4. Go-to-market Strategy

The fourth phase of a competitive analysis is the analysis of the go-to-market strategy of you and your competitors. The first step of a go-to-market strategy analysis is a positioning/messaging comparison, and should include details on how a competitor portrays itself in front of the customers as per its marketing content, leader’s statements, claims, etc. 

The second step of a go-to-market strategy analysis is understanding your competitors’ key marketing initiatives or programs. Capture both the number of initiatives such as events, discounts/promos, webinars, etc., as well as the theme/motive behind these initiatives. Add other useful insights such as “Who is the target audience for these campaigns?”, here. 

The third step of the go-to-market strategy analysis is a sales channels comparison, where you compare details around sales channels followed, number and names of sales partners, type/ geography of partner, , recent GTM initiatives , etc. Make sure to identify the competitors’ primary sales channel, e.g. online marketplace, partners, resellers, etc. 

Finally, collate all this information to understand the key competitors’ positioning and marketing channels, efforts in direct comparison with your company, as well as observed opportunities and threats imposed by them.

5. Strategic Roadmap

The final phase of a competitive analysis is the strategic roadmap analysis of your company vs. your competitors. This will include information about strategic steps including M&A,

product enhancements, launches, geo-focus, etc., plus a brief commentary on how these initiatives are rendering results/ impacting the growth of the company. Important points are the company’s focus areas and objectives, their key strategies and initiatives, and their future focus. 

Here’s a free competitive analysis template crafted by experts at Contify, to make things easier for you. All you have to do is just fill in information and your competitive analysis is ready! 

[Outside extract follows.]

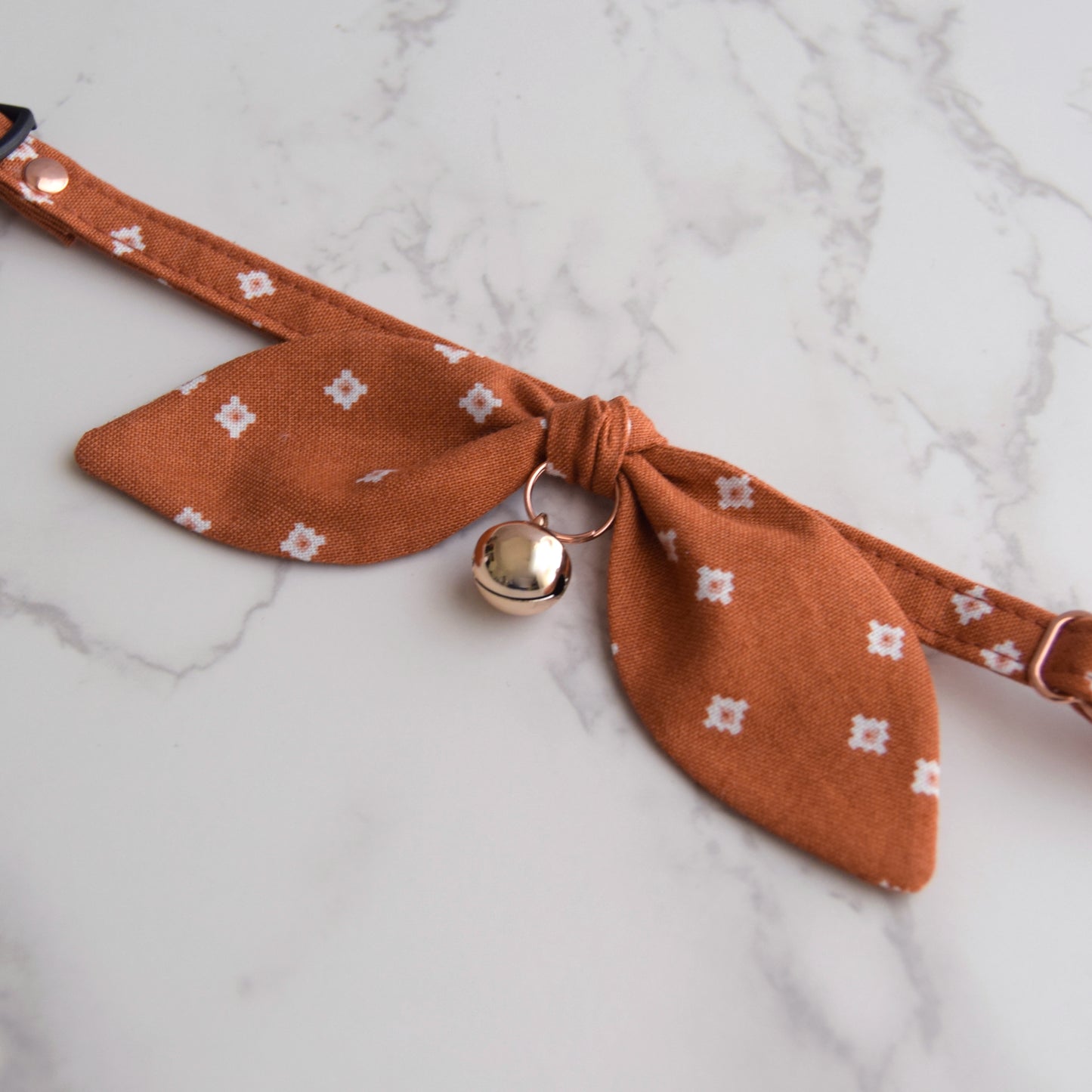 A terracotta orange fabric pet collar with a small white patterned bow and a rose gold bell, displayed on a white marble surface.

How to leverage the insights gleaned from a competitive analysis?

A competitive analysis is only useful if you know how to glean insights from it. Insights that will help empower your organization across sales, marketing, product development, the C-suite, in order to effectively differentiate your product or service. Here’s some tips:

1. Establish key takeaways for every insight

As an example, during your competitor analysis, let’s say you find out that your competitor XYZ has a really strong customer support team, and they highlight this heavily in their positioning. This information in itself, isn’t useful. Now, you dig deeper and find out that the ease of use of their product is really bad. Connect these two pieces together, and you have a key takeaway. They’re doubling down on customer support because they know their ease of use is abysmal. This key takeaway can be used by your sales teams in future conversations with a prospect. 

2. Distribute and centralize key takeaways

Unless you ensure that the right information gets in front of the right people in a timely manner, it’s pretty much useless. Sure, you could distribute this information to key stakeholders using emails or in meetings, but insights can easily get lost in emails. This is especially true for key stakeholders who receive a ton of emails everyday. As for meetings, what’s the last time you remember you actually used a piece of information discussed in a meeting? 

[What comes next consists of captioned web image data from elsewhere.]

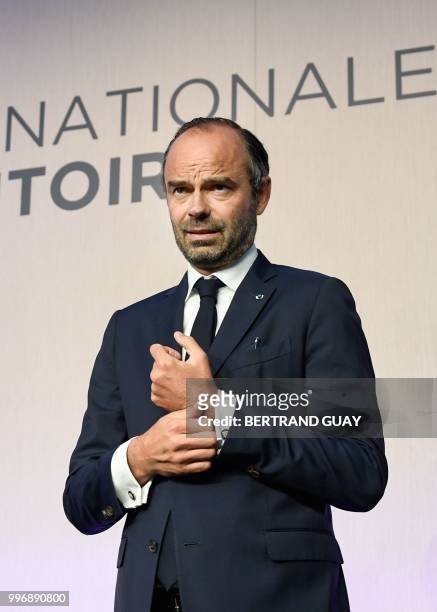 French Prime minister Edouard Philippe adjusts his suit before the closing speech of the Conference des Territoires meeting in Paris on July 12, 2018...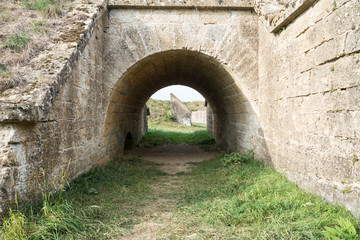 Fototapeta na wymiar a pedestrian tunnel under an old fortress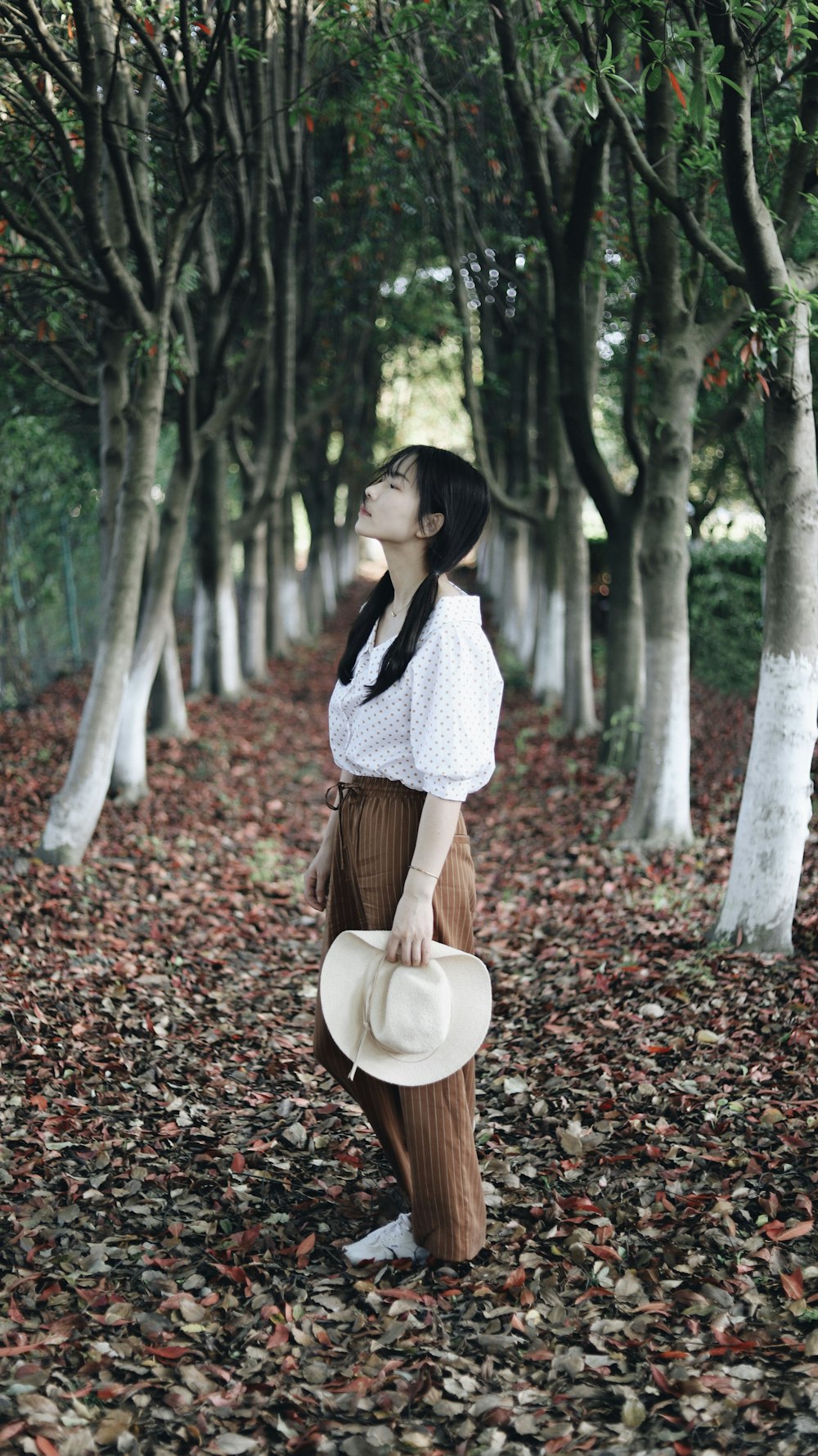 woman standing near trees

Which is why, it is a good idea to centralize key insights from your competitive analysis, and create a single source of truth that your colleagues can access whenever necessary. A competitive intelligence software can be a handy tool to do that, and can even distribute said insights in various formats such as alerts, reports or newsletters, depending on the preference of the stakeholders. 

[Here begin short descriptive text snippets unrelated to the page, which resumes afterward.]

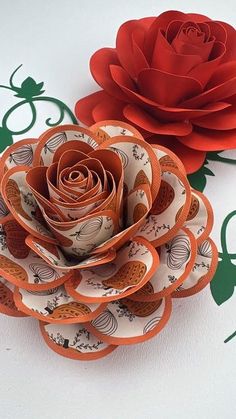 two paper flowers sitting on top of each other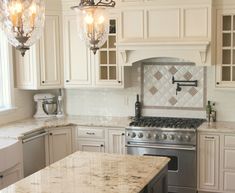 a kitchen with white cabinets and marble counter tops, two chandeliers above the stove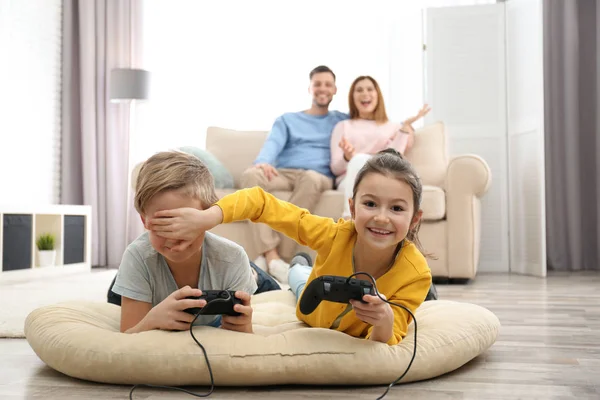 Crianças Bonitas Jogando Videogames Enquanto Pais Descansam Sofá Casa — Fotografia de Stock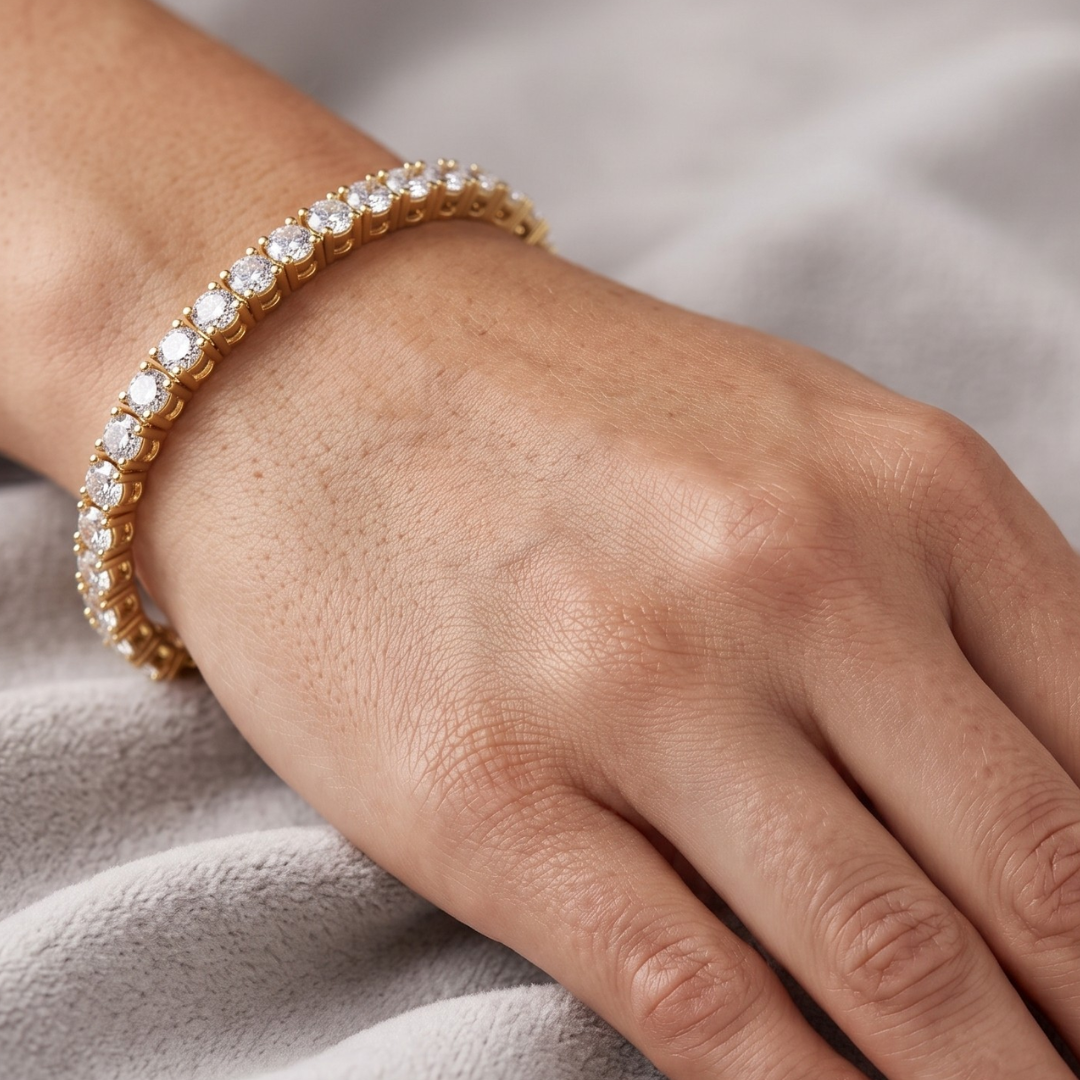 A close-up of a gold tennis bracelet with clear round-cut moissanite stones worn on a person's wrist, set against a soft gray fabric background.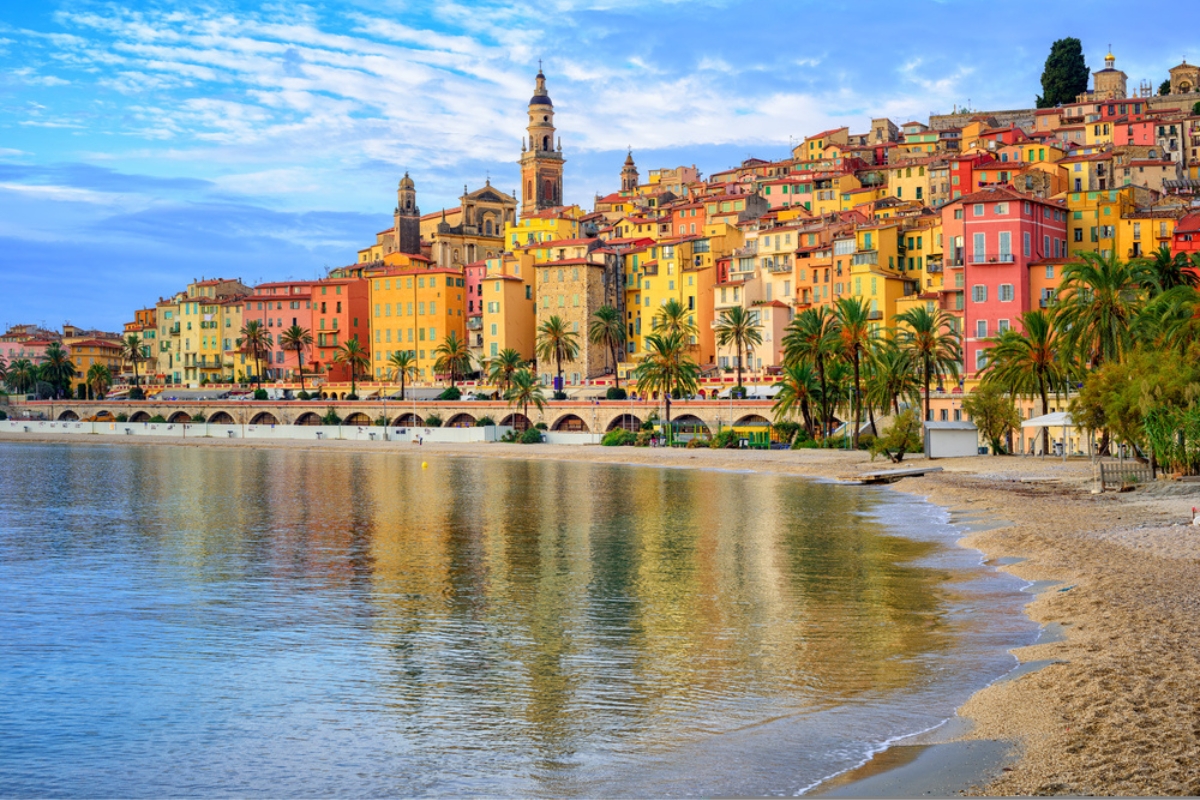 Spiaggia di sabbia con sullo sfondo, la colorata città vecchia di Mentone in Costa Azzurra, Francia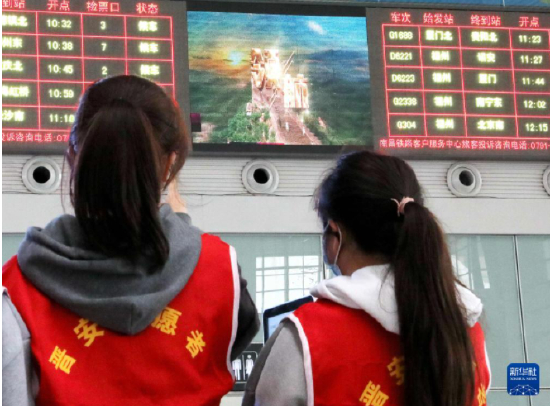 1月2日，青年志愿者在福州火车站候车厅观看大屏幕播放的主题歌曲《领航》MV。新华社发（李一明 摄）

3. Act on the key takeaways

Even when you’ve listed key takeaways in your competitive analysis, sometimes the stakeholders may not know what to do with them. Key stakeholders in an organization are fairly busy people, which is why it is a good idea to suggest action items along with key takeaways. For example, “…there is whitespace in our competitor’s content marketing, let’s capitalize on that by writing content on this topic they’ve missed.”